The remoteness of Castle Tioram is one of its principal strengths. Accessible only at low tide along a narrow sandy causeway and sitting at the highest point of the island it was easily defended.
The origins of Clanranald can be traced to the marriage of John of Isla (died 1380) (“John the Good”) who married his cousin Amie, a daughter of Roderick, one of Robert The Bruce’s most faithful followers. When the Scottish King had secured independence for Scotland, Roderick shared in the prosperity of his master and was confirmed in his title to very large estates. These included Moidart, Arisaig, Morar and Knoydart which went at his death to Amie. Arnie became estranged from John of Isla and retired into Moidart where without loss of time she seems to have set about building the present Castle about 1353, where she lived until her death.

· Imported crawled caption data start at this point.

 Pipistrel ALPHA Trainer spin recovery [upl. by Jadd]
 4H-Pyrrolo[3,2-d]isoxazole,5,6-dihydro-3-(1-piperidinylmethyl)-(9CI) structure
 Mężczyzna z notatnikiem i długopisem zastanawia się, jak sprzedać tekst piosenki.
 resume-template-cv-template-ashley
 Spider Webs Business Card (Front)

Archaeological evidence dates part of the Castle from the mid 13th century and the first written records date from 1373. The site was chosen with considerable judgment as the position is almost unassailable and in fact it was only ever taken once.
This occurred after a siege by the Campbell’s, lasting five weeks. Frustrated by their failed attempts the attackers finally gave up and set sail. The Clanranalds, delighted at such a happy riddance came down from the rock and went to the mainland to celebrate. However, the Campbell’s, had secretly altered their course and sailed under darkness down the north side putting the few men left guarding the Castle quickly under the sword. Enraged by the capture of the castle, the Clanranald’s swiftly counterattacked and slaughtered the Campbells to a man.

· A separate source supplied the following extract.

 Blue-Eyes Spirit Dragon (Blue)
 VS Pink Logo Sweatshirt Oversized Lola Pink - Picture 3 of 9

Whenever Castle Tioram was attacked it was always, so far as is known by sea, the only side by which access is practicable. The only land approach to Castle Tioram for a large body of men was through the steep sided defile known as Glac Mhor which could be easily defended.
During various insurrections between 1411 and 1559 the Clanranalds took a very active part with the result that several of Castle Tioram’s chiefs came to a violent end. In King William’s reign, a strong company of government soldiers was garrisoned at Castle Tioram, much to the resentment of the Clanranald.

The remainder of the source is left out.